This is protected by the red, the black, and the green
With they key! SISSIES!
Props to blackperson for her brilliant Stop the Madness Campaign where I picked up this nifty icon.
After listening to those old EPMD, Brand Nubian, and X-clan records that I bought last week I couldn't agree more. Ever since the rise of gangster rap in the 90's, I've increasingly been dismayed with what passes for hip-hop these days. I was thinking about this as I was listening to those records this past week. I really enjoyed the music of the hip-hop community back in the late 80's and early 90's, a good deal of them from the Five Percent Nation Of Islam school of politics and religion. (Boogie Down Productions, Public Enemy, Poor Righteous Teachers, Eric B and Rakim, MC Lyte, A Tribe Called Quest, De La Soul). While I don't always identify with their politics, nor their oft militant persuasion, I loved the way they approached their sound and the skill with which they manipulated language and audio samples. By having their identity wrapped up in the role of teacher, the lyrics tended to be very astute and they took the possibilities of rhyming structures to levels that hadn't been dreamed of yet. I can remember the first time I head PRT's "Holy Intellect" and remember just being blown away by not only the lyrical structure, but the rate at which it was rattled off.

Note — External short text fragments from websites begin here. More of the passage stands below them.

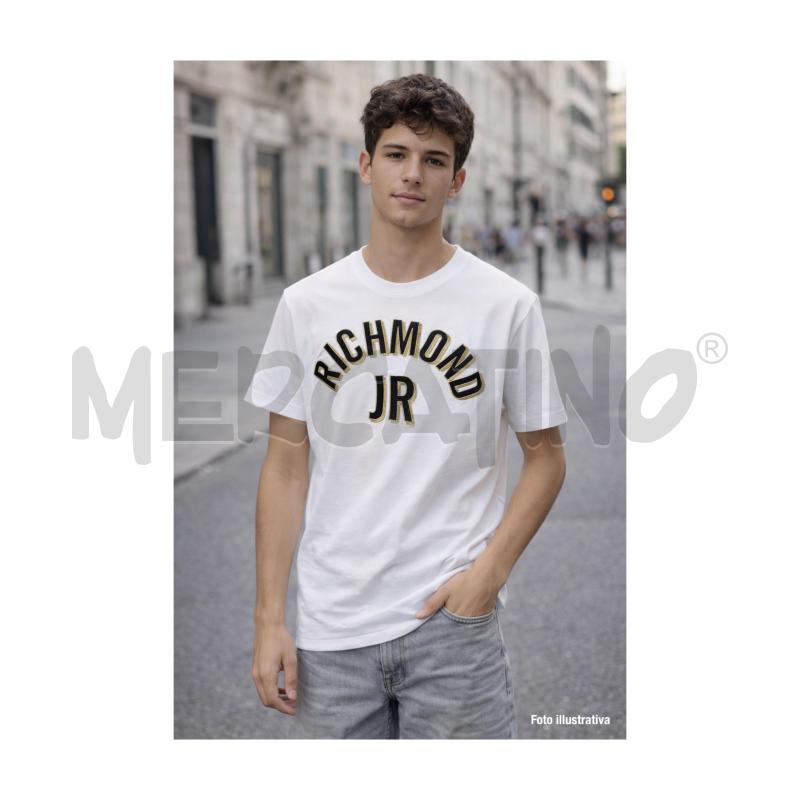 T SHIRT U RICHMOND BIANCA CON RICAMO NERO/ORO | Mercatino dell'Usato Rovereto 5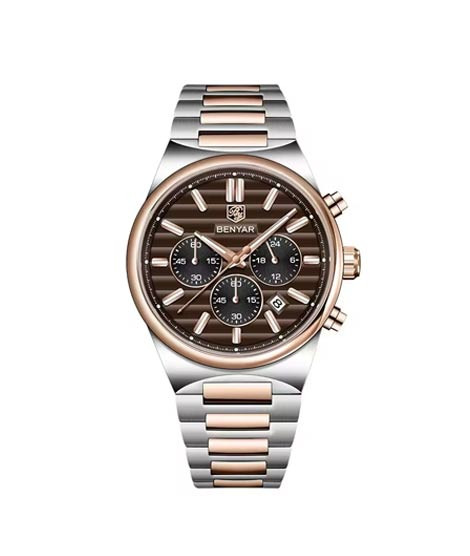 iShopping - Benyar Alpha Date Chronograph Watch For Men Two Tone - (BY-5214-6)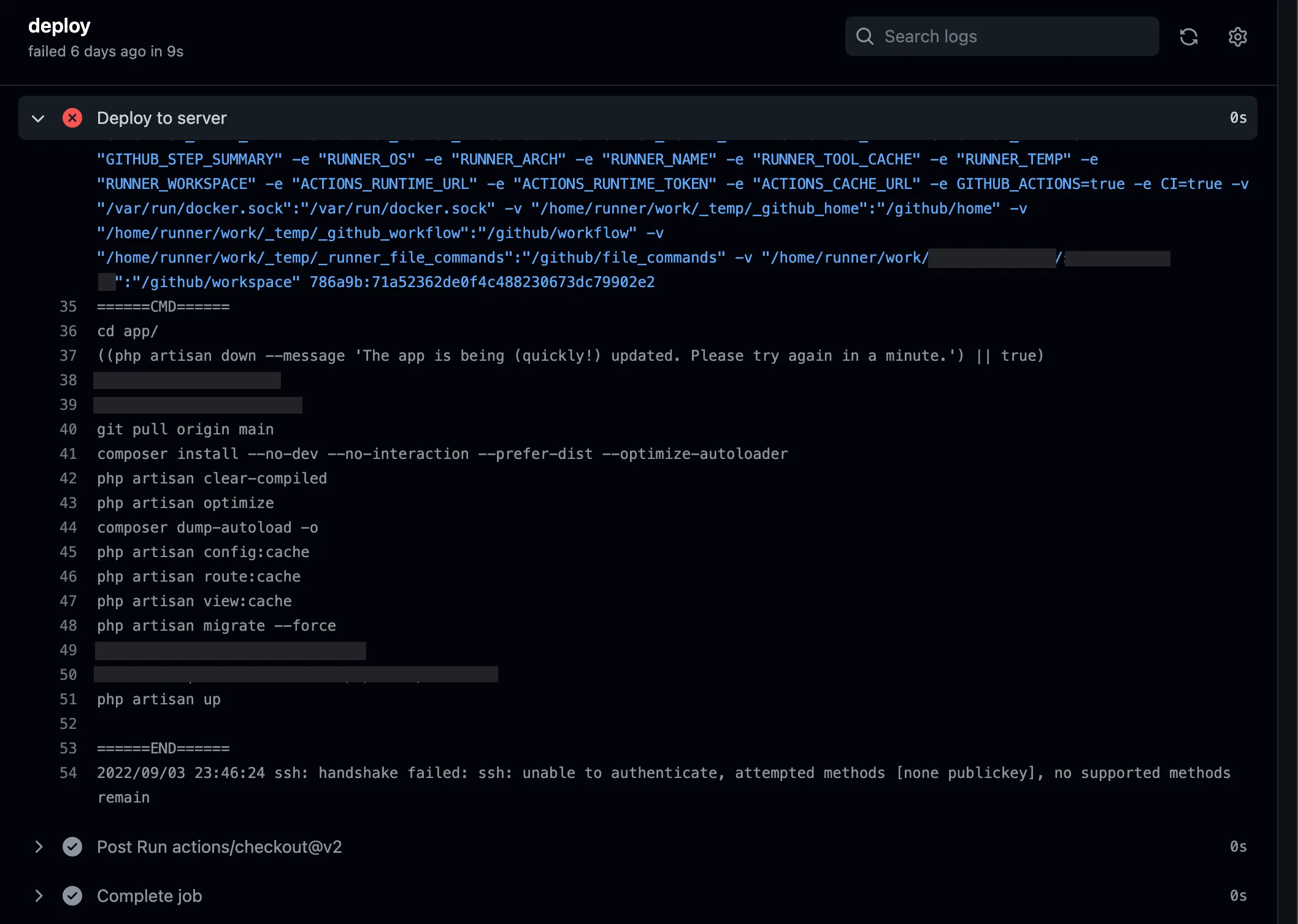 ssh handshake failed error in github action deploy script ssh handshake failed error in github action deploy script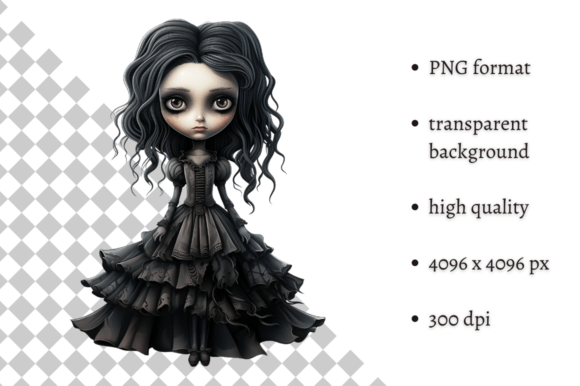 Download Spooky Gothic Doll PNG Clipart - Premium Bundle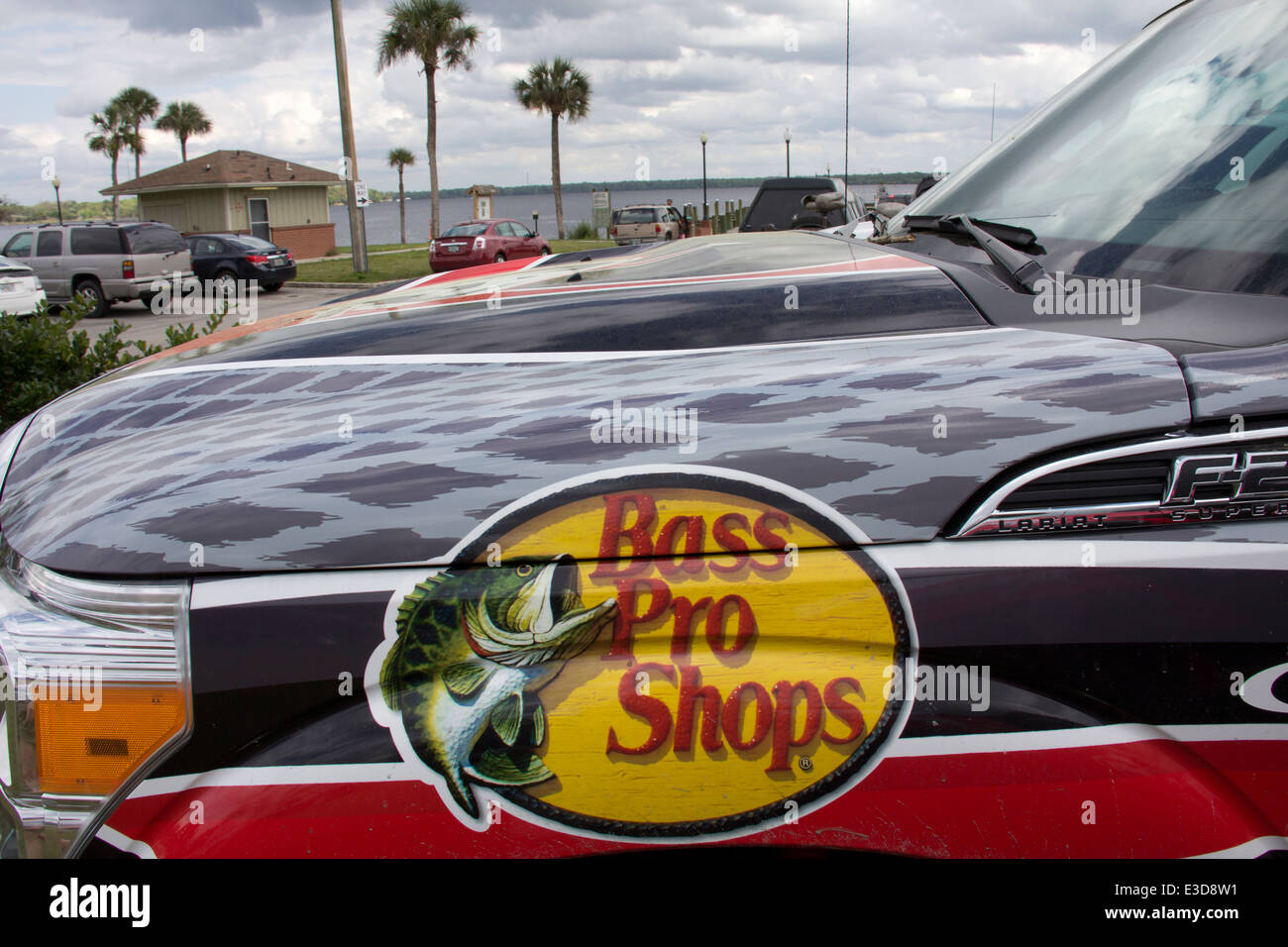 LKW-Detail, Bassmaster Elite Series Turnier, in der St. Johns River Community Palatka, Florida und Umgebung: Stockfoto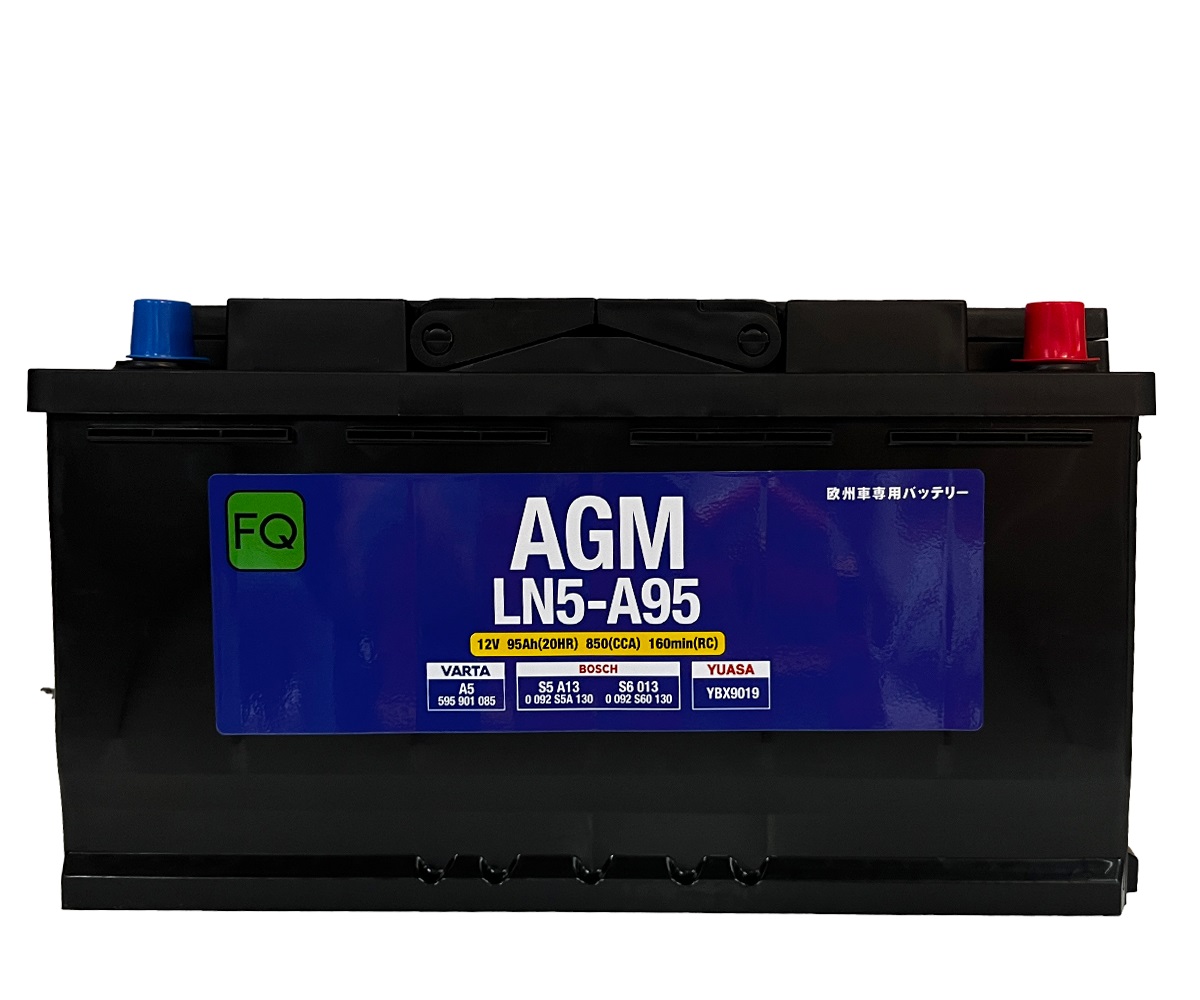 Батарея аккумуляторная FQ LN5A95 95А/ч 850А 12В обратная полярн. стандартные (Европа) клеммы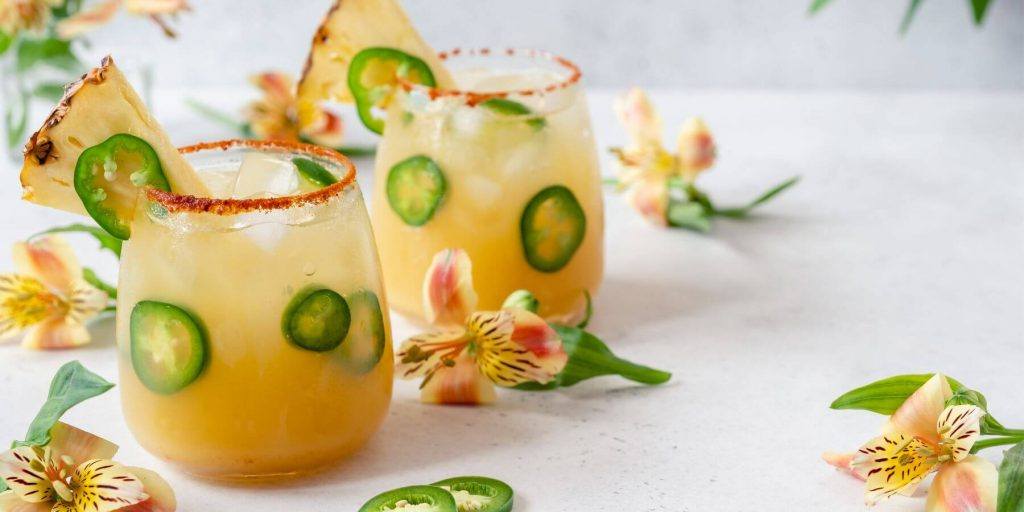 Pineapple and jalapeño Margaritas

Paris... anyone remember him?
P-dog, back to break 'em off somethin'
And never frontin' 'cause the rhymes keep comin'
Like lotto 'cause I'm in it to win it, I never lose
Never singin' but swingin' and bringin' nothin' but bad news
or Das Efx?
Bum stiggedy bum stiggedy bum, hon,
I got the old pa-rum-pum-pum-pum
But I can fe-fi-fo-fum, diddly-bum, here I come
So peter piper, I’m hyper than pinochio’s nose
I’m the supercalafragilistic tic-tac pro
Yeah, somebody Stop the Madness... and bring back the real hip-hop.